Please be extremely careful and investigate these "buyers" like your life depends on it. As a minimum I would want complete credit histories for ALL adults signing the contract, verifiable employment histories, two past addresses with verifiable contact information from prior landlords, and criminal background checks. Sounds paranoid? Well hopefully it does. OTOH, we watched close friends of ours suffer through years of hell in a similar deal. The buyers were flat out professional con artists who even went to the trouble of providing FAKE references, with contact #s of associates, who provided great referrals for job and rental histories. Once the criminals moved in, the horror started. It took five years to get them evicted! They even sued the owner, claiming construction defects in a house that they failed to pay any rent on. As these criminals were running out of time, they got a local builder to build them a new home, with bank financing. Certainly, this type of crime is the exception, but the fact is that it can be avoided, and your financial future depends on you protecting yourself. BTW, don't ever count on a realtor to protect you in a situation like this. The average realtor has one thing in mind, dollars in their pocket. The house is dying on the market and somebody shows up with a possible deal? They will tell you anything you want to hear. I build and sell homes for a living. I simply refuse ANY owner financing, rent to own, or contingency deal proposals any realtor attempts to sell to me. If a deal is worth doing, there is a bank that will do it. Good luck and be careful.


----------



## scholtefamily (Feb 25, 2010)

I agree with tiogacounty. We moved over a year ago and rented out our old house for about 14 months. These were very nice people that we really liked. Unfortunately they were unable to pay us the rent a few times and were always late and usually short when they did pay. It was quite a nightmare. We recently asked them to leave and they did, but our house is trashed. It's really sad to see someone destroy a house that you love and have taken good care of. We put the house up for sale a few months ago. Today the realtor called and said she has someone interested to come look at the house. That's exciting............right before she hung up she said they would be a rent with option to buy client. NO THANKS!!! The mess the last renters left is far too fresh for me to do that again. I wish you the best of luck, just be careful.......and it sounds like you are.


----------



## grandmajo (Mar 25, 2008)

I'm another that agrees with tiogacounty. You want to make sure that you check these people out really, really well. When my DH and I got married, he moved into my house and we were going to rent his house in another town. We used an online service that checked employment history, credit history and history of addresses. I also did a criminal background check. We had one guy who wanted to make the deposit right there on the spot in cash, so that he and his sons could move in right away. We told him we had to have him fill out the rental application first. He did, but left some things blank. Funny thing was though, he kept telling us that money was no problem. We ran the checks on him and found out why. He had numerous judgements against him, if I remember right something like 10 within the previous 24 months for non-payment of different kinds of bills. Also, he and one of his sons had been in prison for arsen, in fact he'd been in prison 2 times for it.

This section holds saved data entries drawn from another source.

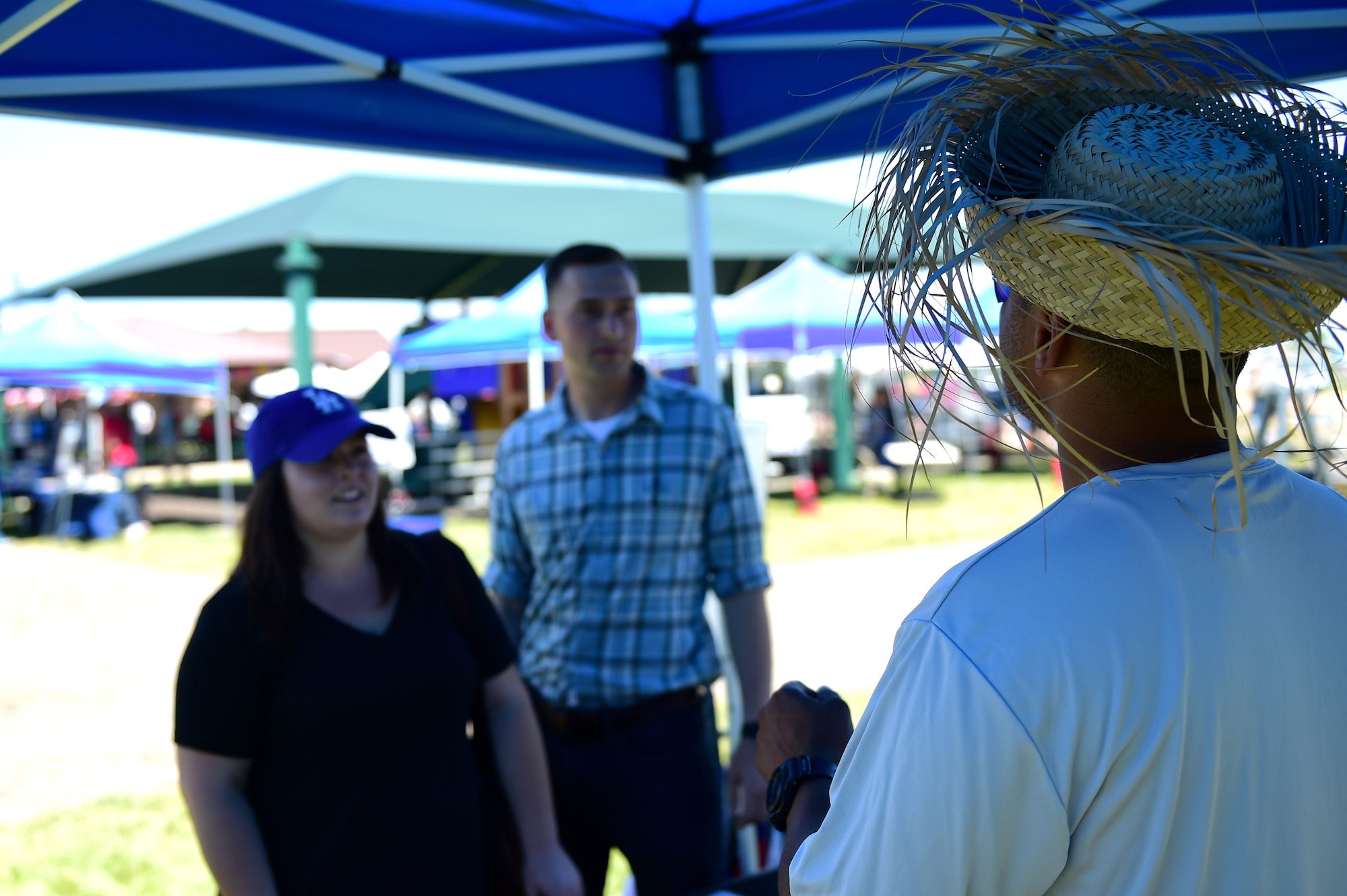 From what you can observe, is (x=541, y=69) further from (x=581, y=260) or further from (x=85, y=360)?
(x=85, y=360)

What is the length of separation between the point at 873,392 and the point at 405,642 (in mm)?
17669

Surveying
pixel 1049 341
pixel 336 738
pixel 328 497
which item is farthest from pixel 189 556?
pixel 1049 341

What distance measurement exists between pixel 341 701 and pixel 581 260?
1.33m

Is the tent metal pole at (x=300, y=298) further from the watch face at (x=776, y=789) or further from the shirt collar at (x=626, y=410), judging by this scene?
the watch face at (x=776, y=789)

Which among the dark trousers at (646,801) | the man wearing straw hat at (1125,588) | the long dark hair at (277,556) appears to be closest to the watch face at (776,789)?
the man wearing straw hat at (1125,588)

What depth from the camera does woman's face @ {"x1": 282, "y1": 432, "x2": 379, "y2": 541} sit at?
2086mm

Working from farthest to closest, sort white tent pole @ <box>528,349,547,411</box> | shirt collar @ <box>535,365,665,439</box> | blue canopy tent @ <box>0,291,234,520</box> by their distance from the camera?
white tent pole @ <box>528,349,547,411</box>, blue canopy tent @ <box>0,291,234,520</box>, shirt collar @ <box>535,365,665,439</box>

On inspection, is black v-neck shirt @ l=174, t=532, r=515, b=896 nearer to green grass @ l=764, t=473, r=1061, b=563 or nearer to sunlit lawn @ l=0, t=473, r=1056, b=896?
sunlit lawn @ l=0, t=473, r=1056, b=896

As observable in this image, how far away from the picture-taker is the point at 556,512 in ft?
8.50

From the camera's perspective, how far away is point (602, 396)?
105 inches

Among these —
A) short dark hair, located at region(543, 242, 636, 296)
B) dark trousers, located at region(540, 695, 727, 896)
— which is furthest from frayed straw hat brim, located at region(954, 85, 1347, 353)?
dark trousers, located at region(540, 695, 727, 896)

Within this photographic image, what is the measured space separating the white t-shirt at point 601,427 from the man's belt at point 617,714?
675 millimetres

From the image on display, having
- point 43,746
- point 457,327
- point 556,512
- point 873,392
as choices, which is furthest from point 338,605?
point 873,392

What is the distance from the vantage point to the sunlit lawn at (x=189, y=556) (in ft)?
12.3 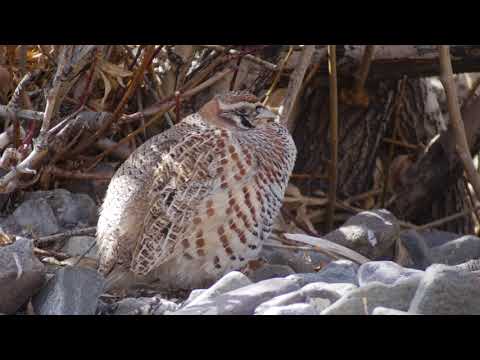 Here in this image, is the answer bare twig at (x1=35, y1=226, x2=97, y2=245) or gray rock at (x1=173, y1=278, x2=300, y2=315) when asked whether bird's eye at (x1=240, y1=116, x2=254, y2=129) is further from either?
gray rock at (x1=173, y1=278, x2=300, y2=315)

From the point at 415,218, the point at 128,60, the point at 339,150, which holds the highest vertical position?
the point at 128,60

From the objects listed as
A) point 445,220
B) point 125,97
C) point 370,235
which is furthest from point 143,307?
point 445,220

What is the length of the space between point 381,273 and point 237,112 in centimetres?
145

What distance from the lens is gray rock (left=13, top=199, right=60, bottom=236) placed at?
19.0 feet

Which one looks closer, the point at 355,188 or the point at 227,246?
the point at 227,246

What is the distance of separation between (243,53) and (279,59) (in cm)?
91

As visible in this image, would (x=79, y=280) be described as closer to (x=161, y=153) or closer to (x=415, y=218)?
(x=161, y=153)

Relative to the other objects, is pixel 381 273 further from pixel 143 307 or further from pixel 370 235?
pixel 370 235

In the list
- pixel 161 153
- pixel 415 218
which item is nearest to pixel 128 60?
pixel 161 153

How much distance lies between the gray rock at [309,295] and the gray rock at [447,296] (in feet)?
1.59

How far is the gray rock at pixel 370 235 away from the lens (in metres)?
5.77

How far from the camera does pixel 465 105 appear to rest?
773 centimetres

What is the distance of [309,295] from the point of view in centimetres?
380

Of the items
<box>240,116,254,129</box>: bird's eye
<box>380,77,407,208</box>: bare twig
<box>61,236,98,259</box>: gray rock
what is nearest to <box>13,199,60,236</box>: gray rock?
<box>61,236,98,259</box>: gray rock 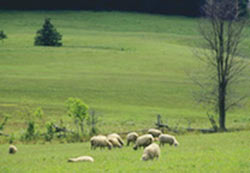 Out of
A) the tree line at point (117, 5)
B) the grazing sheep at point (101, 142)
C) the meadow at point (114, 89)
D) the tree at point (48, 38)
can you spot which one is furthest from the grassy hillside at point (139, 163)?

Check them out, then check them out some more and do it one more time.


----------



## tiogacounty (Oct 27, 2005)

Just as a general rule, don't ever let a big pile of cash sway a decision about a rental or lease purchase agreement. Grandmajo reported one angle of this issue, here is another. I have a sister who is in her mid-40s, mentally ill, and a classic product of our social services/ psychobabbler society. She is "disabled", entitled to be supported by a society that owes her everything, and blows every little bit of cash she receives on addictions. My dog has better credit. When her caretaker mother died, my brother and I needed to get her out of the family home. The bro. is a bit slippery and a professional salesman. He approached a developer with a brand new apartment complex for rent and offered a discounted rate for a year of rent, prepaid, in cash. They guy asked for a credit report, and my brother replied, "why, you have ten grand in your hand, who cares?" This guy should of been smarter, and cared, he will regret not caring shortly. The year is almost up, Sis, is a deadbeat addict, "disabled", and has an army of social services "advocates" whipping her butt, and fighting hard to keep her as dependent as they can. Guess who loses here?


----------